Le droit à la ville des adolescentes et jeunes adultes
Au début d’un froid après-midi du mois de décembre, nous sommes parties à la rencontre de plusieurs groupes de jeunes entre 13 et 23 ans dans les rues de Bruxelles. Iels nous ont fait part des nombreuses difficultés mais aussi des joies et opportunités que représente la ville de Bruxelles. Nous avons décidé d’isoler certains problèmes majeurs mais nous avons également souhaité mettre en avant, via cet article, des initiatives déjà misent en place afin de faire évoluer la situation. En voici quelques exemples non exhaustifs.La catégorie des 12-18 ans est la partie oubliée des aménagements urbains et les jeunes filles tendent à davantage disparaître de nos rues. C’est également une période où les adolescentes découvrent et intériorisent à une vitesse accélérée la différenciation « sexué ». L’hostilité des espaces publics et des transports en commun les poussent dans de nombreuses situations à rester en alerte face à celles et ceux qui croisent leur chemin. Nous tenons à rappeler la vidéo de Sofie Peeters qui, en 2012, documente les harcèlements quotidiens subis dans les rues de Bruxelles.

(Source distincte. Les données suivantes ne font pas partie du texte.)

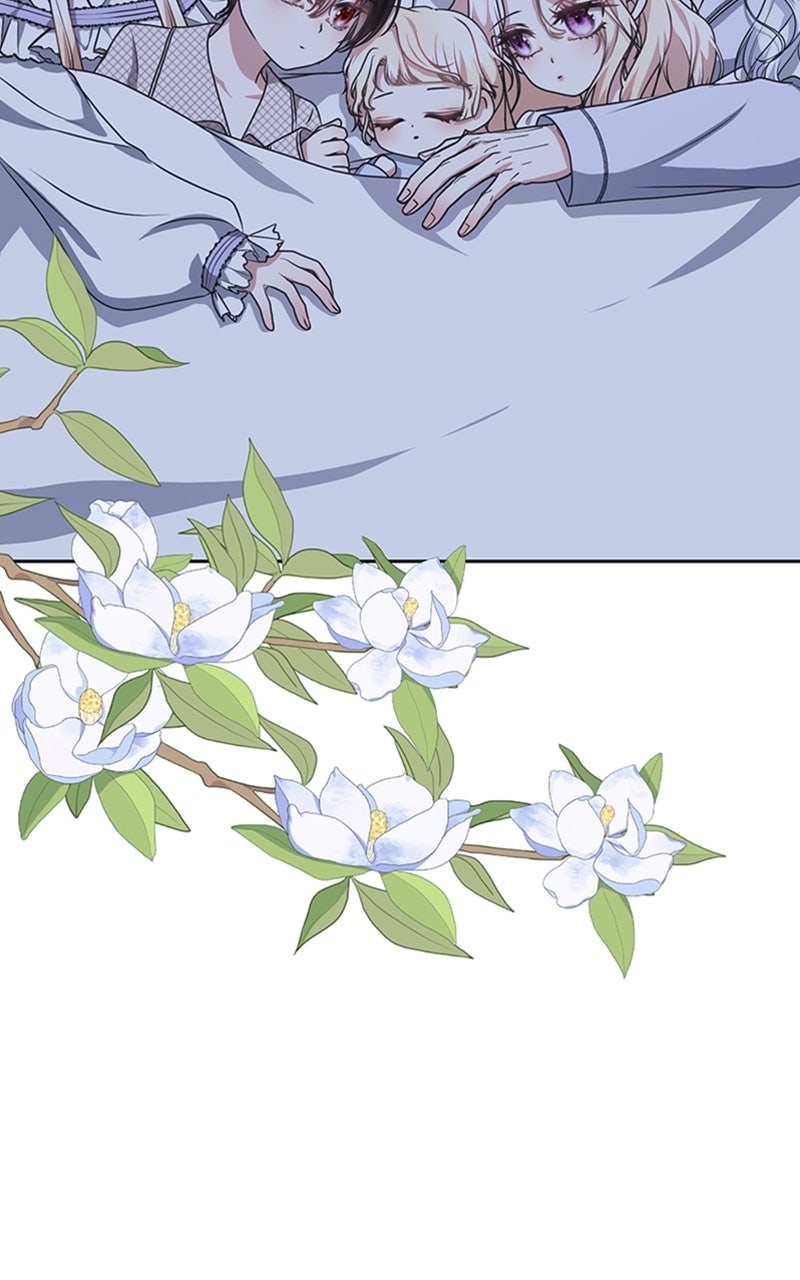 Reborn As the CharacterThat Never Existed Episode 22 page 62 -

Les choses bougent tout de même du côté des pouvoirs publics. En Belgique et à Bruxelles en particulier, de nombreuses études ont été menées afin que des politiques urbaines plus inclusives soient mises en place. Nous devons cette prise de conscience, entre autres, aux nombreuses initiatives d’associations ou de groupes d’individus qui ont les premiers cherché à donner une voix aux jeunes adultes et prendre en compte leurs besoins.
(Dans la suite de notre article, les citations feront référence aux propos recueillis lors de nos entrevues et les noms sont fictifs.)
Mobilité
« Le tram ou le métro, c’est glauque ! » (Besma, 15 ans)« Quand je prends le train, je me colle toujours contre le mur. » (Noémie, 23 ans)

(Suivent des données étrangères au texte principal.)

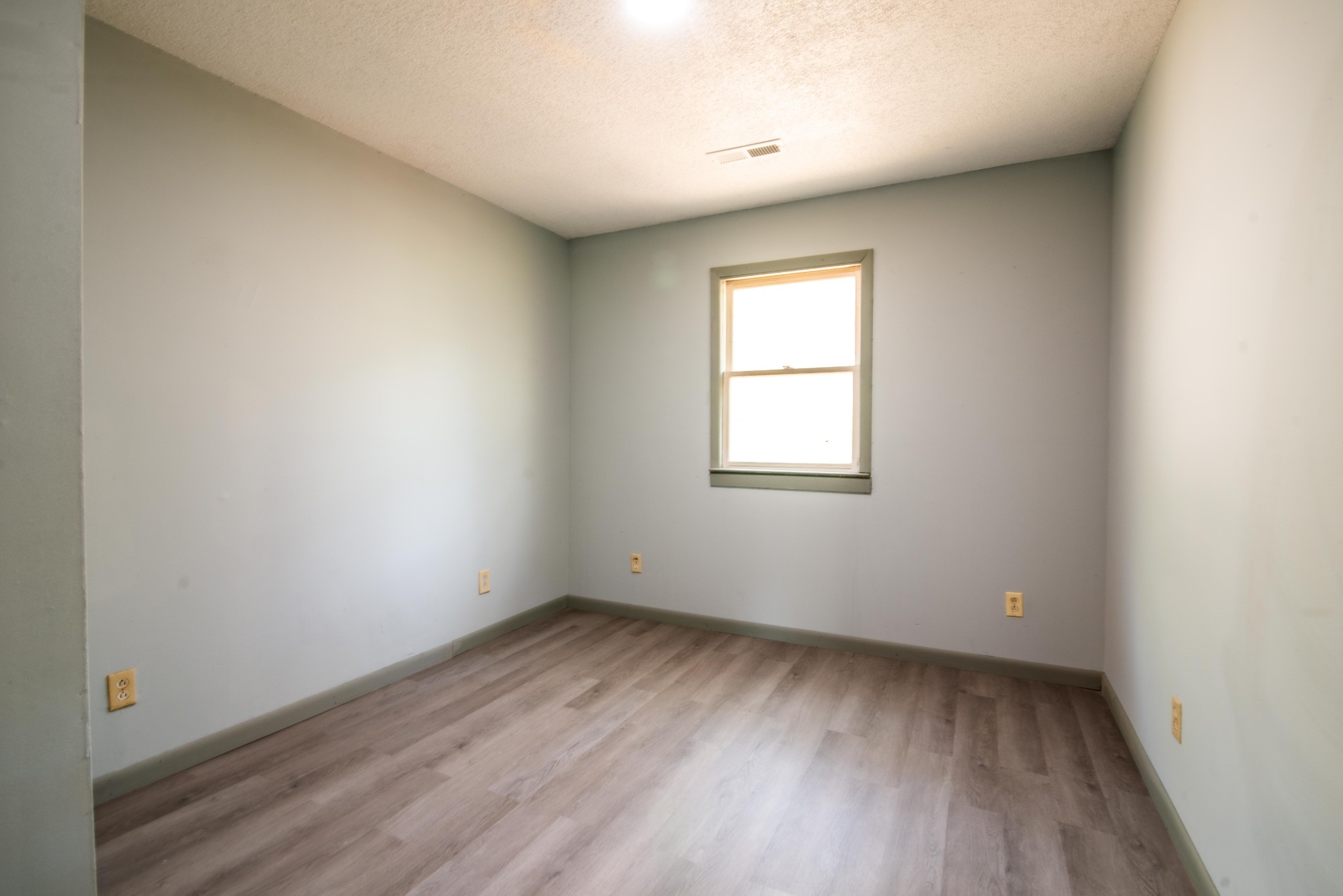 209 Gentry Street Tullahoma, TN 37388 - Photo 19 of 31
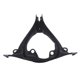 thumbnail image 2 of Soporte de Motocicleta Sunnimix 1000 K5 05-06 Soporte para faros Upper Stay, 2 of 7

« À Bruxelles, je ne suis pas à l’aise quand je porte une jupe l’été, alors qu’au Portugal c’est plus relax. » (Mathilde, 15 ans)
« Les personnes devraient changer leur mentalité, ils jugent l’apparence. » (Marion, 13 ans)

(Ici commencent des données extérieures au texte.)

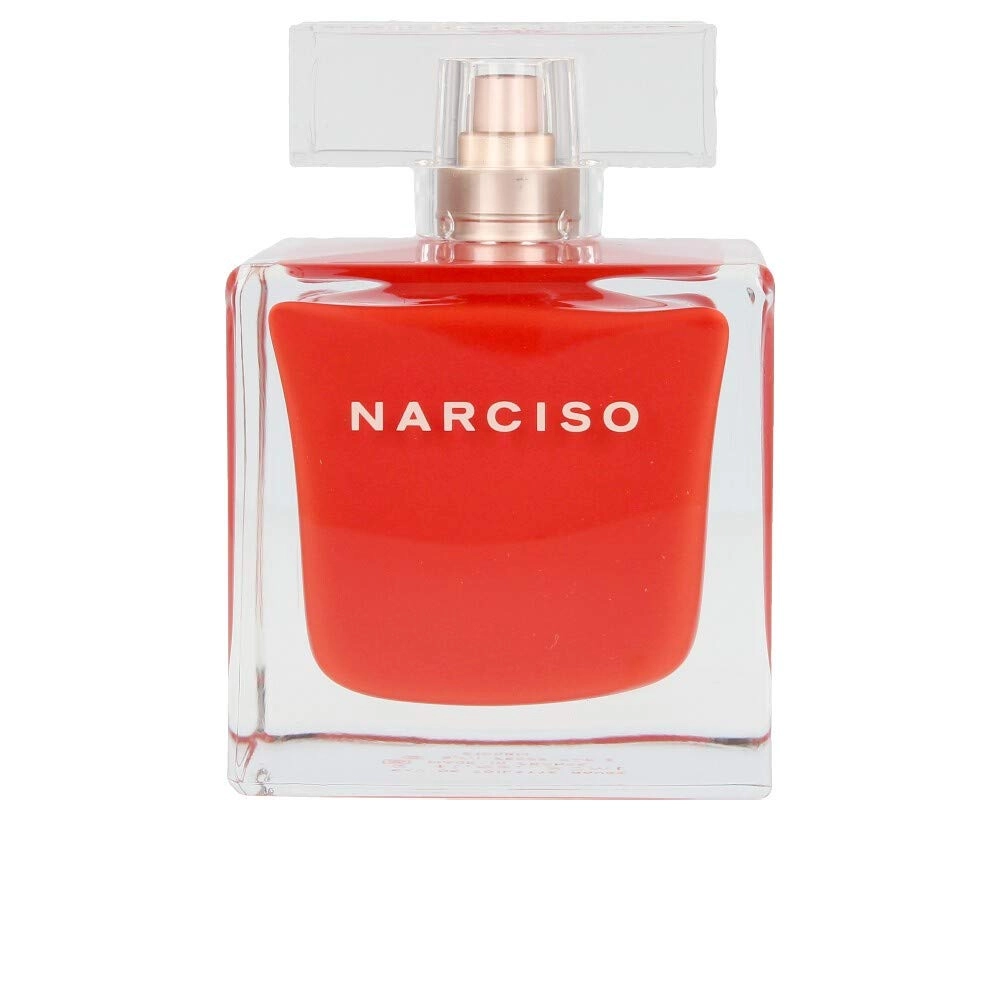 Narciso Rodriguez Narciso Rouge Eau de Toilette 90ml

« Bruxelles partout maintenant ce n’est pas sûr […] avec un ami je me sens plus sûr. À chaque fois qu’on sort on sait qu’on va avoir des problèmes ! » (Alain, 17 ans)
« Des fois c’est vrai que quand il est un peu tard, on n'est pas à l’aise… moi je me dis qu’il y a des gens, bon après les gens ils ne réagissent pas tous, mais c’est vrai que c’est mieux s’il y a des gens. » (Elodie, 14 ans)
« Je calcule pas le monde, je suis dans ma bulle, je calcule personne, je trace ma route quoi ! » (Élodie, 14 ans)
«Je prends mon téléphone et je fais semblant d’appeler “hallo papa? Ouai, j’arrive!” » (Kim, 22 ans)
Lorsqu’elle se pose au quotidien des questions telles que : quels transports en commun éviter ? Jusqu’à quelle heure puis-je me déplacer ? Qui pourrait m’accompagner ? une personne perd de son autonomie.
Contrairement à la plupart des garçons, les mouvements des adolescentes sont davantage restreints par les proches, les institutions ou les autres adolescents, elles auront elles-mêmes tendance à s’imposer des « murs invisibles » et à adopter des stratégies d’évitement.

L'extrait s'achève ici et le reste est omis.